### Source material
»»

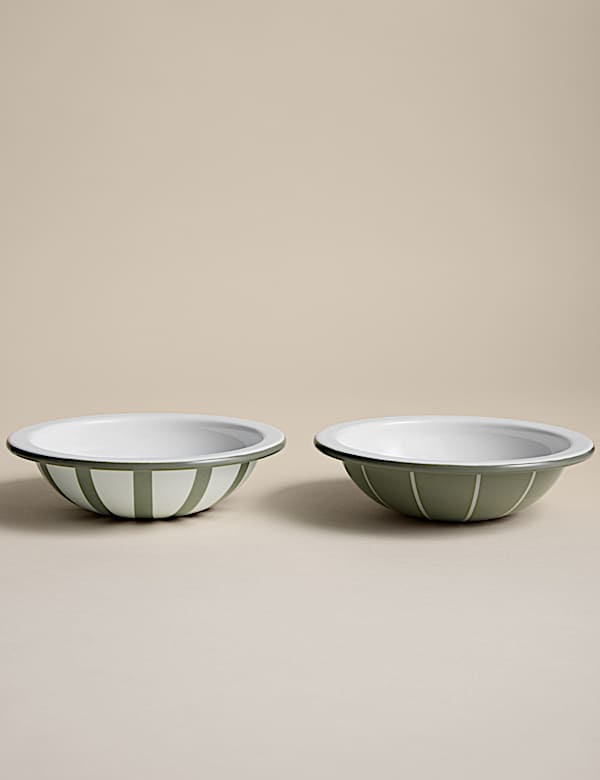 Set of 2 Enamel Striped Nibble Bowls - CA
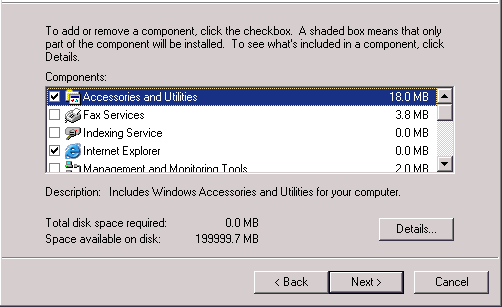 Windows Components dialogue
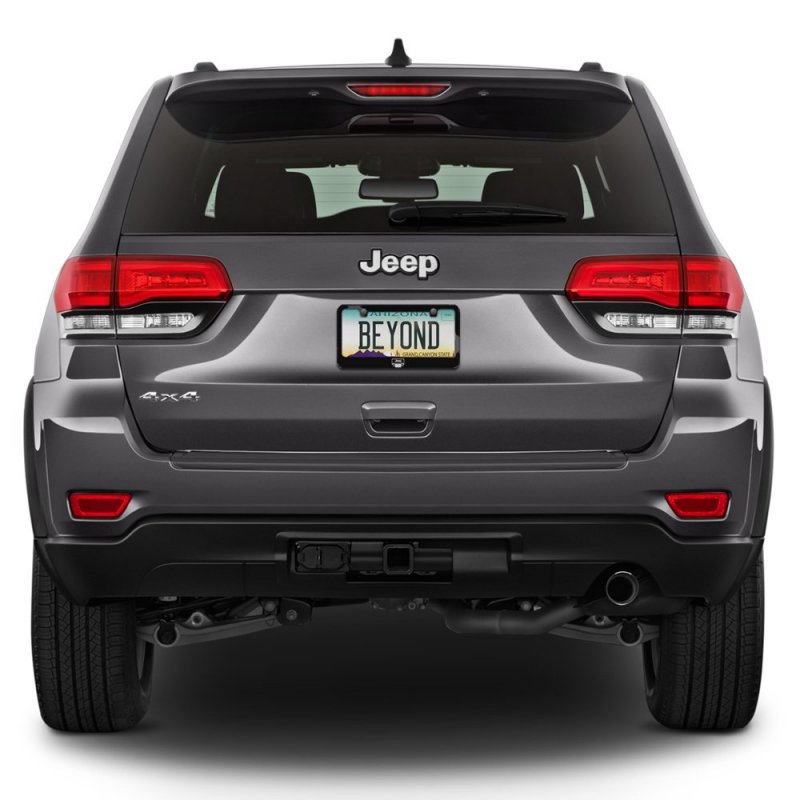 Jeep Grill Logo Outline Black Metal License Plate Frame Official Licensed 12 In X 6 Universal Fit For Car Suv Truck With Screw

««

### Task
When you write out the material again, keep every word exact and omit the pictures.

### Solution for this task
 Set of 2 Enamel Striped Nibble Bowls - CA
 Windows Components dialogue
 Jeep Grill Logo Outline Black Metal License Plate Frame Official Licensed 12 In X 6 Universal Fit For Car Suv Truck With Screw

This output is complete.